── Recorded data ──

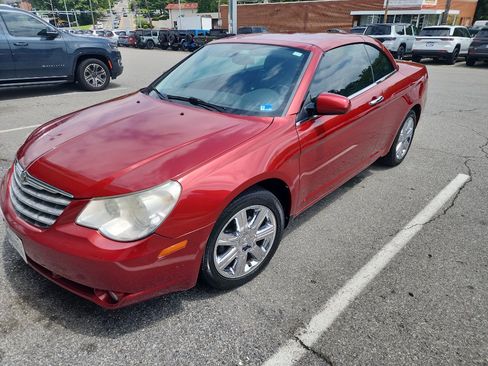Used 2010 Chrysler Sebring Limited FWD image 1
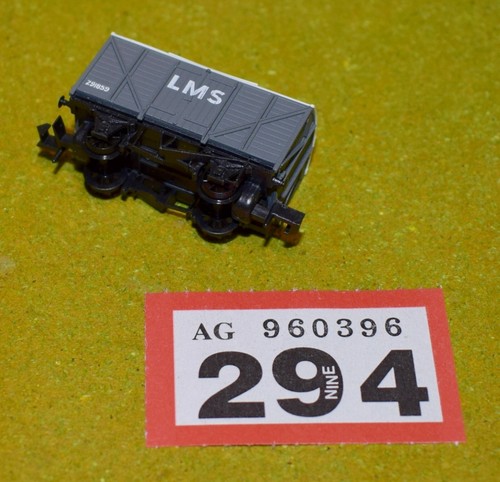 Gauge wagon for farish peco - n,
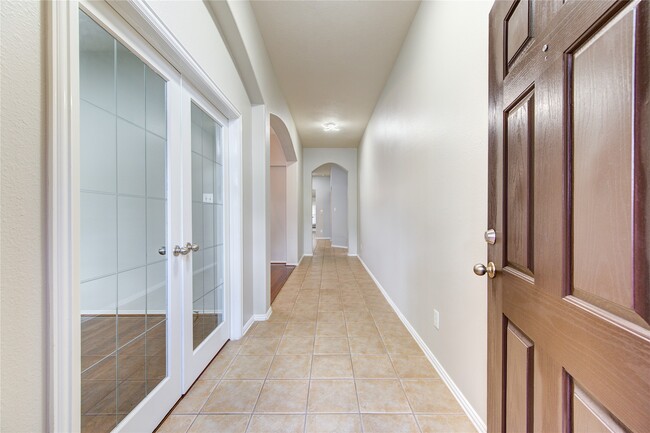 Foto del edificio - 2608 Shady Springs Ct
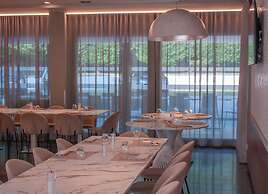 One Hotel & Restaurant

───

[The task]:
Leave every image out when you return the material above word for word.

[Solution for this problem]:
Used 2010 Chrysler Sebring Limited FWD image 1
 Gauge wagon for farish peco - n,
 Foto del edificio - 2608 Shady Springs Ct
 One Hotel & Restaurant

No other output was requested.